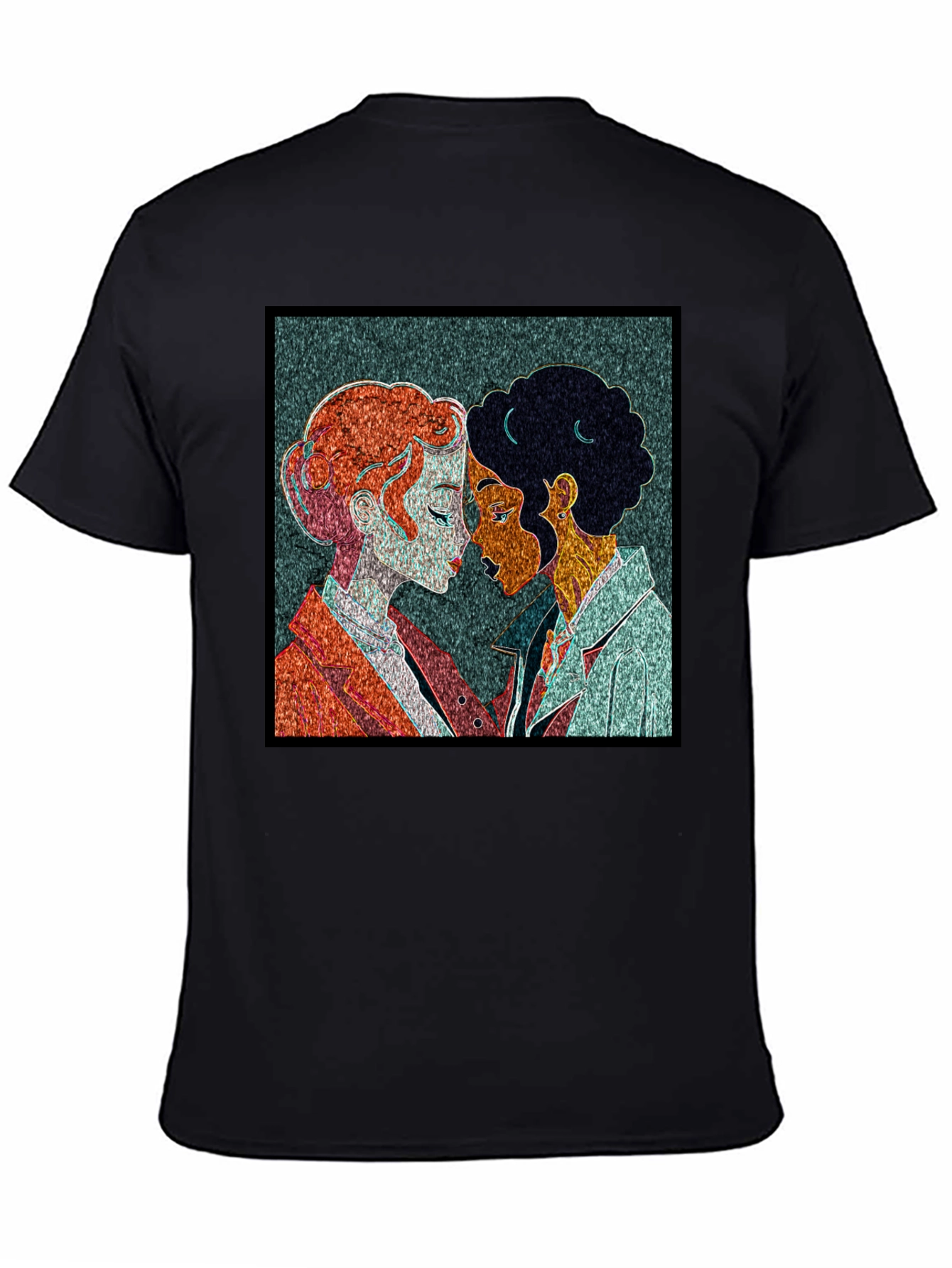 Abstract Love T-Shirt
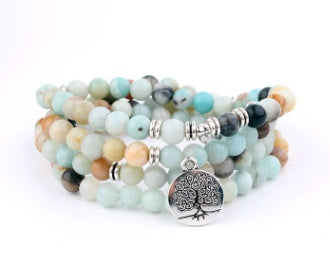 FREE SHIPPING!!Natural Crystal Bracelets!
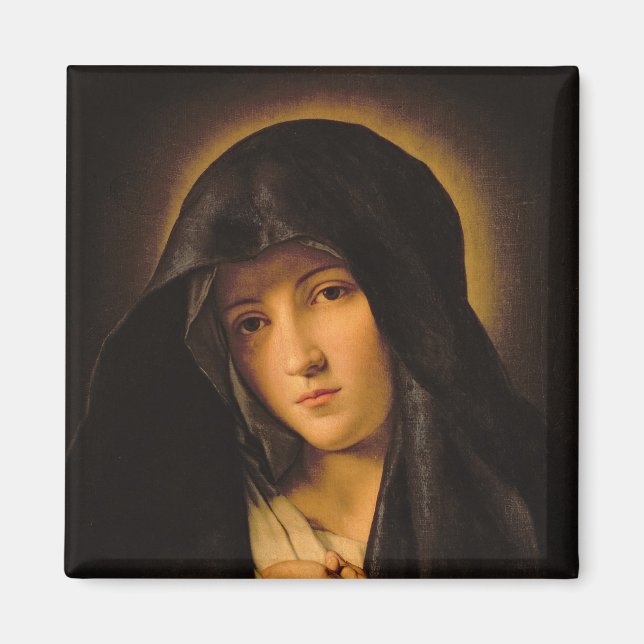 Madonna Magnet (Vorne)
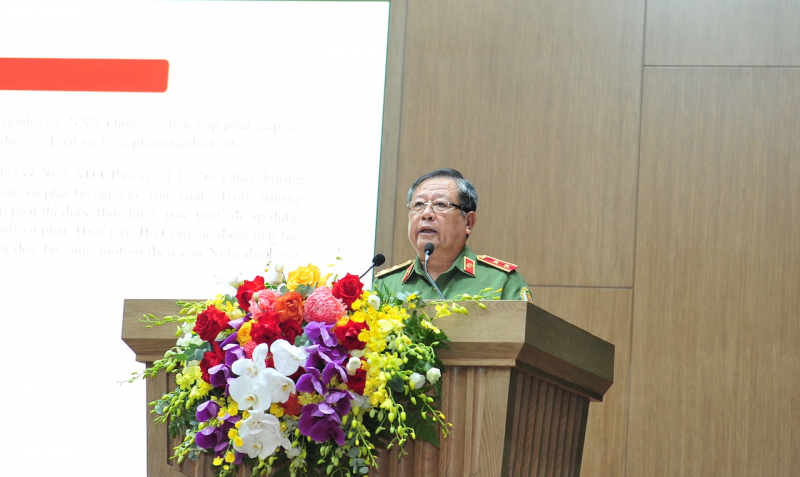 Đổi mới tư duy, biện pháp phòng, chống xuất nhập cảnh trái phép trong tình hình mới -0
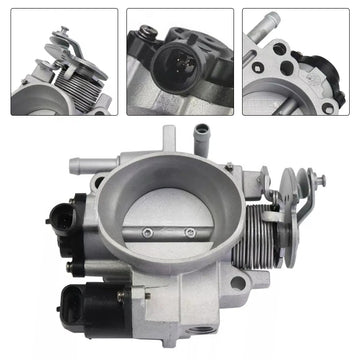 2000-2004 Oldsmobile Silhouette Throttle Body Assembly 12595275 Generic - 0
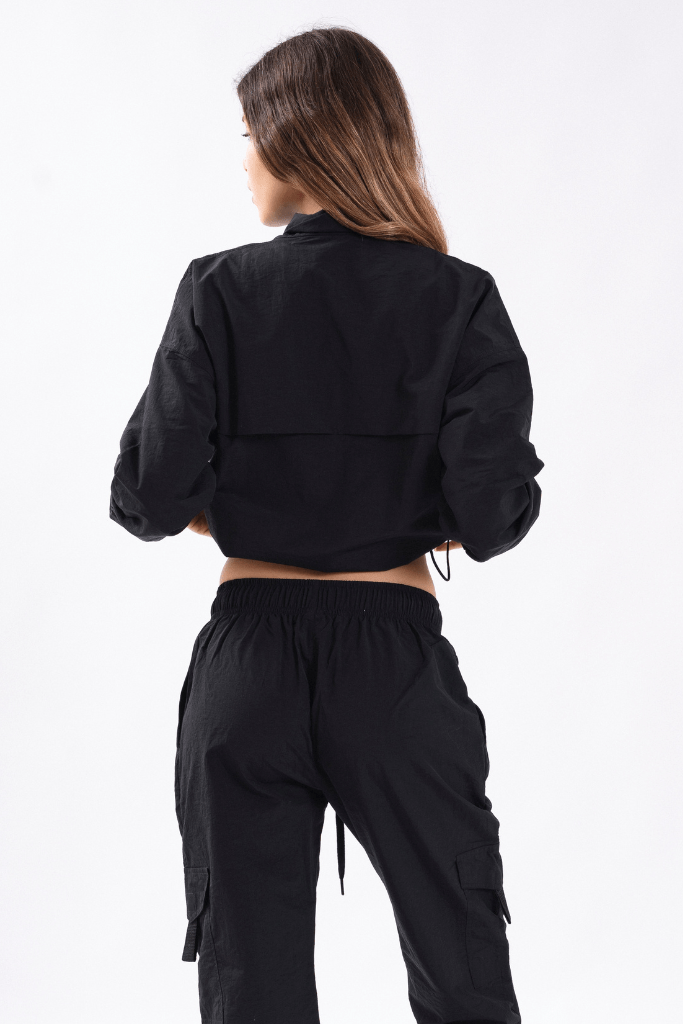 WINTER JACKET BLACK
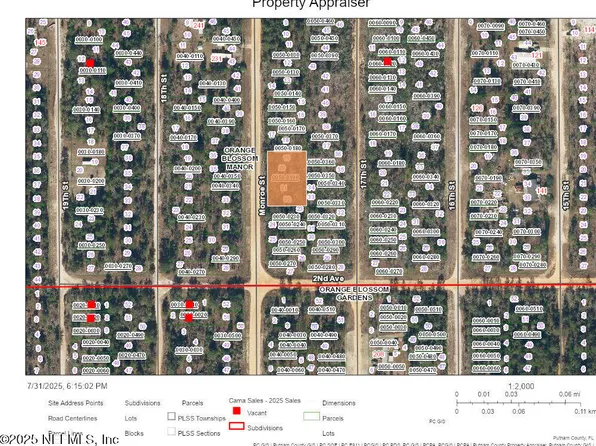 190 MONROE Street, Interlachen, FL 32148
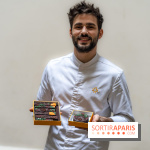 La chocolaterie William Artigue et ses chocolats de Noël 2024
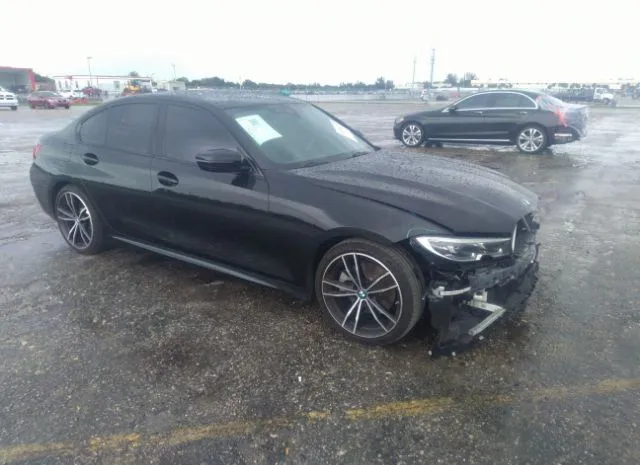 Bmw 3 series (2021)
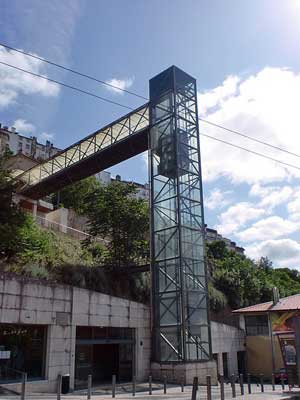 Ascensor del Mercado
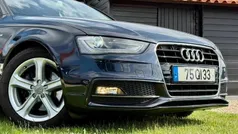 Usado 2015 Audi A4 Exclusive Carrinha | € 15.900 (Super Preço)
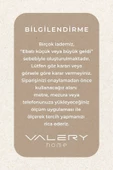 Norway Bukleli Premium Yumuşak Peluş Post İskandinav Oturma Odası Salon Halısı - 5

◆ Problem to solve
Reproduce the entries exactly, from the line with "FREE SHIPPING!!Natural Crystal Bracelets!" to the line with "Usado 2015 Audi", both lines included, keeping no pictures.

◆ Output of the exercise
 FREE SHIPPING!!Natural Crystal Bracelets!
 Madonna Magnet (Vorne)
 Đổi mới tư duy, biện pháp phòng, chống xuất nhập cảnh trái phép trong tình hình mới -0
 2000-2004 Oldsmobile Silhouette Throttle Body Assembly 12595275 Generic - 0
 WINTER JACKET BLACK
 190 MONROE Street, Interlachen, FL 32148
 La chocolaterie William Artigue et ses chocolats de Noël 2024
 Bmw 3 series (2021)
 Ascensor del Mercado
 Usado 2015 Audi A4 Exclusive Carrinha | € 15.900 (Super Preço)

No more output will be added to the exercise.